- _The task_
What you should end up with is an exact copy of the lines from the one holding "TOYOTA AURIS D4D DIESEL FAIBLE KILOMETRAGE" through the last line of the entries below, both included, and nothing else; leave every picture out.
┌─ Material shown
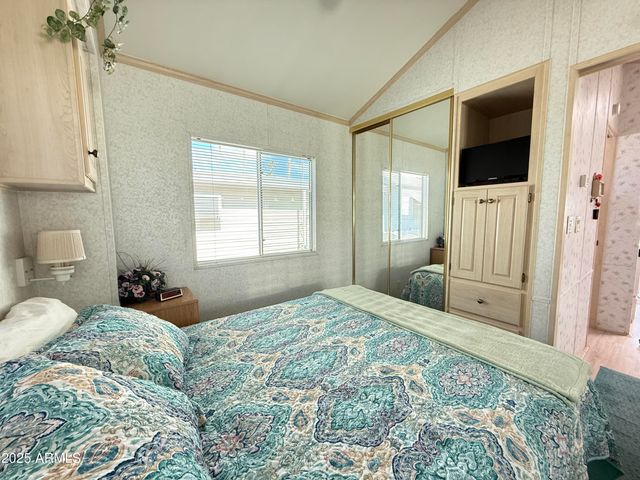 1017 PROSPECTOR Drive, Apache Junction, AZ 85119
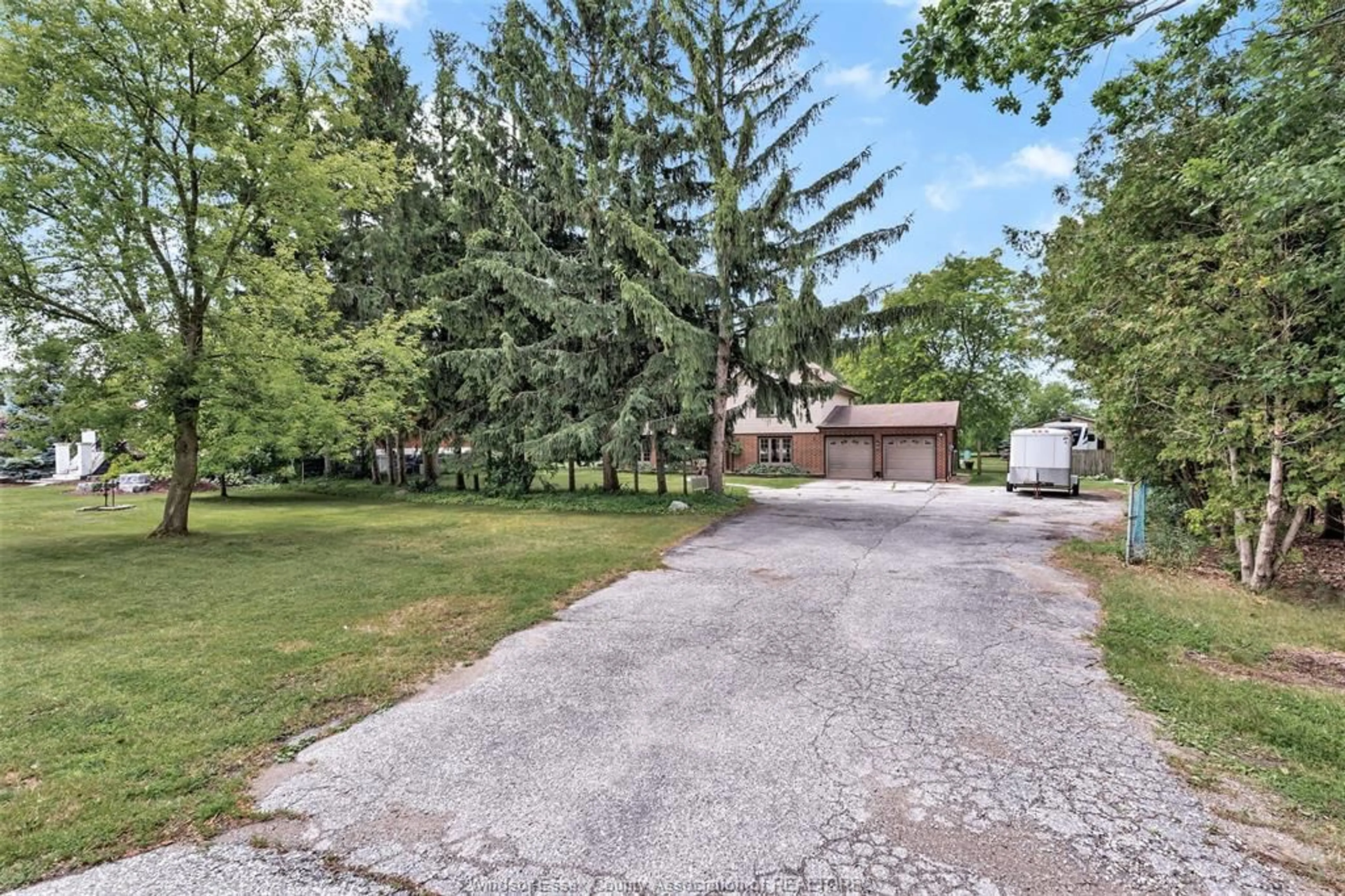 A pic from outside/outdoor area/front of a property/back of a property/a pic from drone, unknown for 425 COUNTY RD 34, Kingsville Ontario N8M 2X5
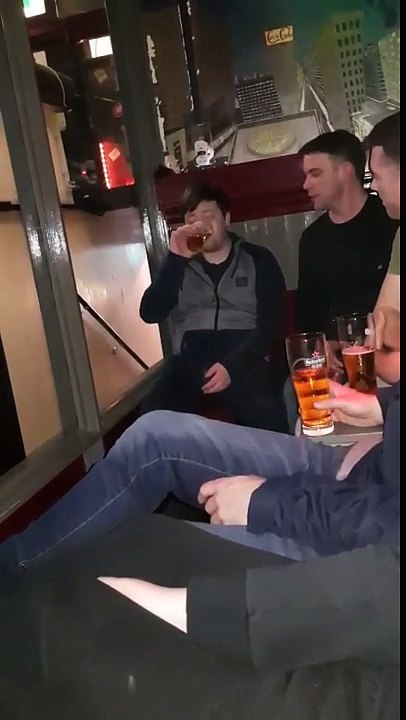 Un jeune homme descend une bière cul sec ...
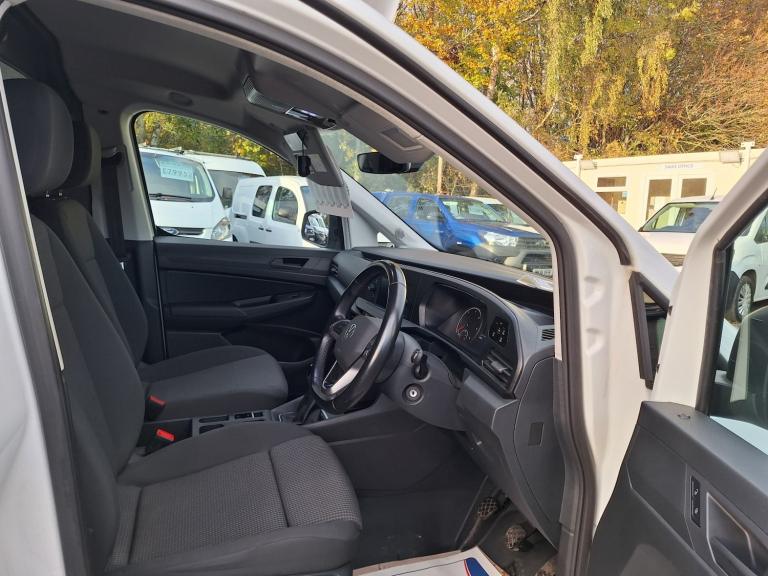 VOLKSWAGEN CADDY 2.0 TDI C20 Commerce Plus White Manual Diesel 2022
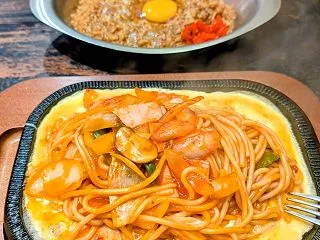 ポエムカレーセット＆鉄板ナポリタンセット…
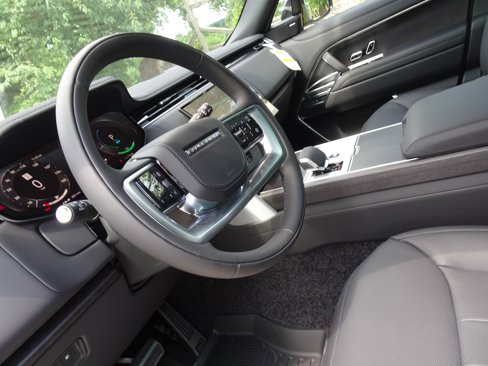 New 2025 Land Rover Range Rover SE image 21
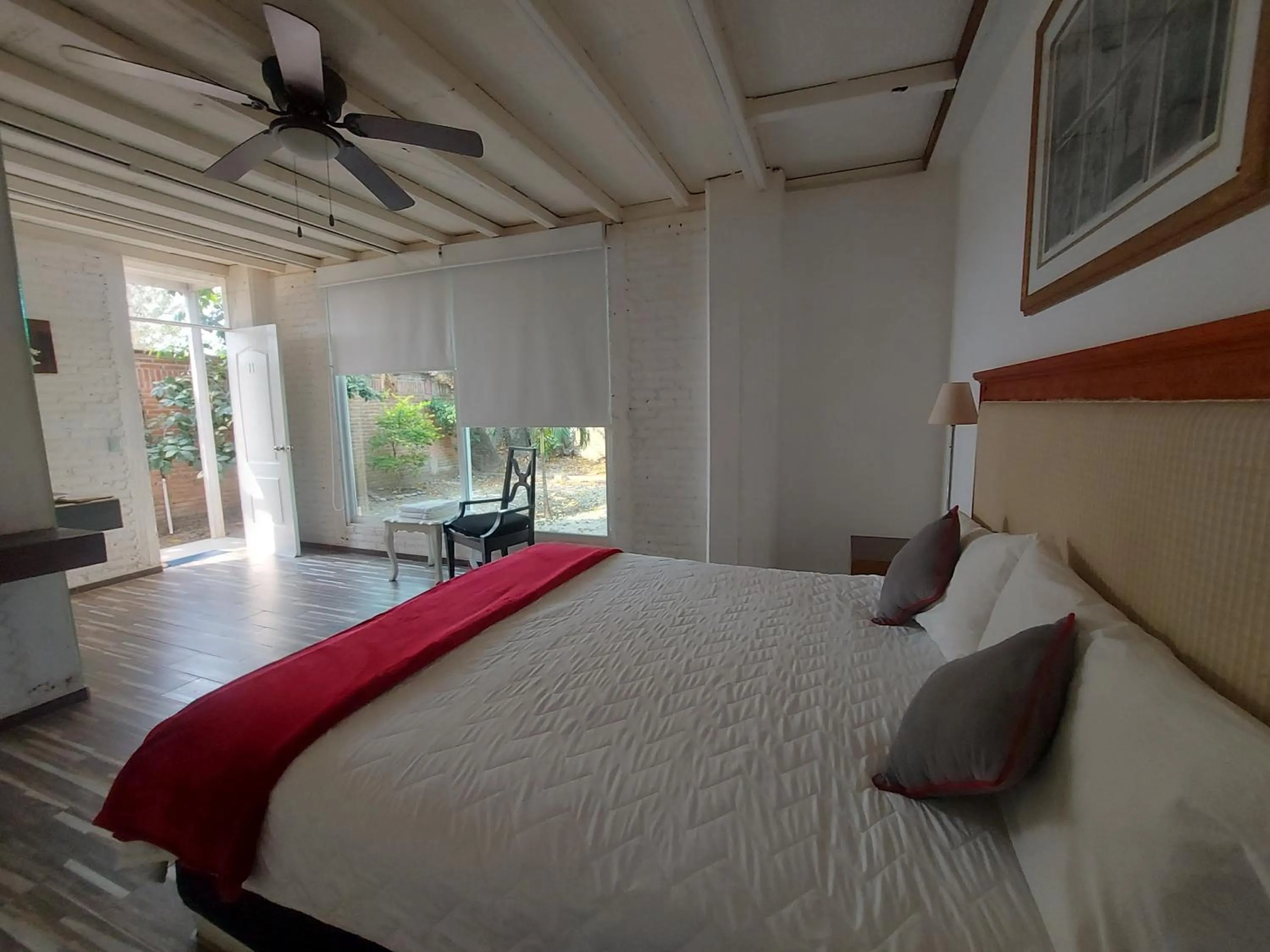 Photo of the whole room, Bed in Casa De La O Yautepec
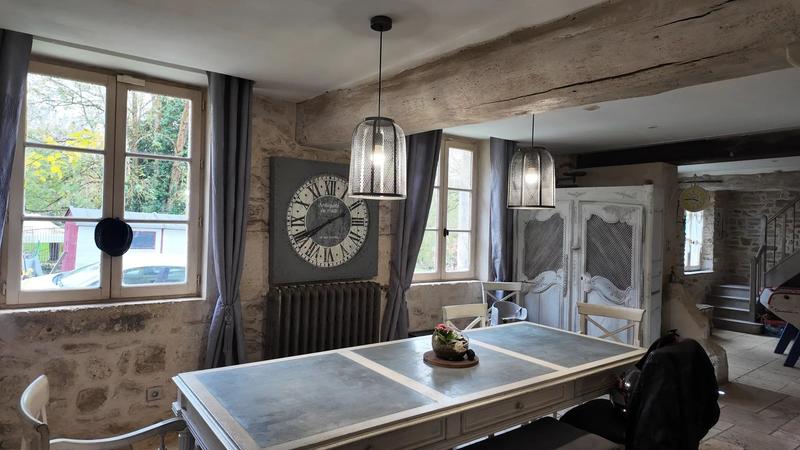 Maison - 545 m² - 13 pièces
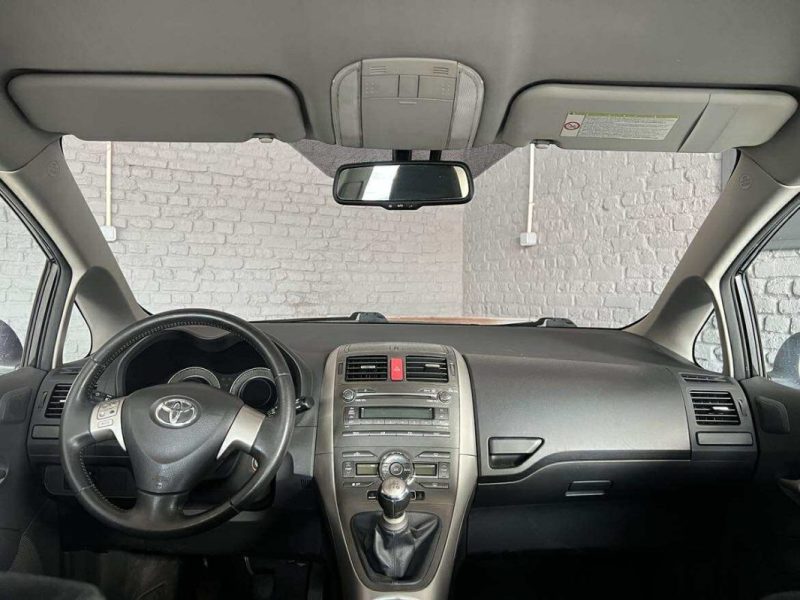 TOYOTA AURIS D4D DIESEL FAIBLE KILOMETRAGE 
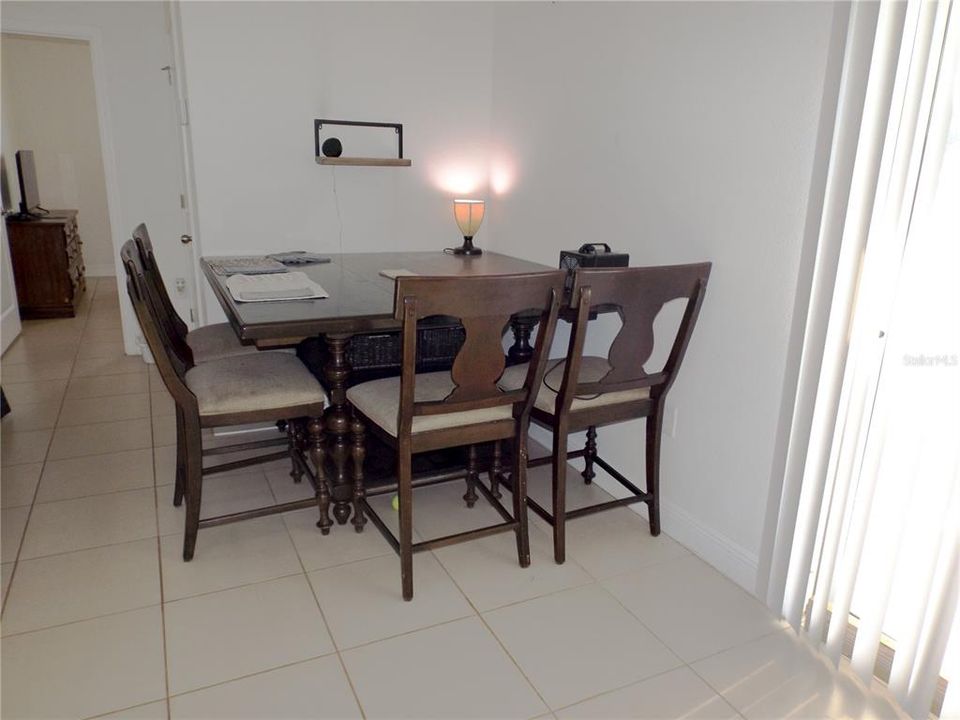 En Venta: $315,000 (4 camas, 2 baños, 1831 Pies cuadrados)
└─
- _Final answer_
 TOYOTA AURIS D4D DIESEL FAIBLE KILOMETRAGE 
 En Venta: $315,000 (4 camas, 2 baños, 1831 Pies cuadrados)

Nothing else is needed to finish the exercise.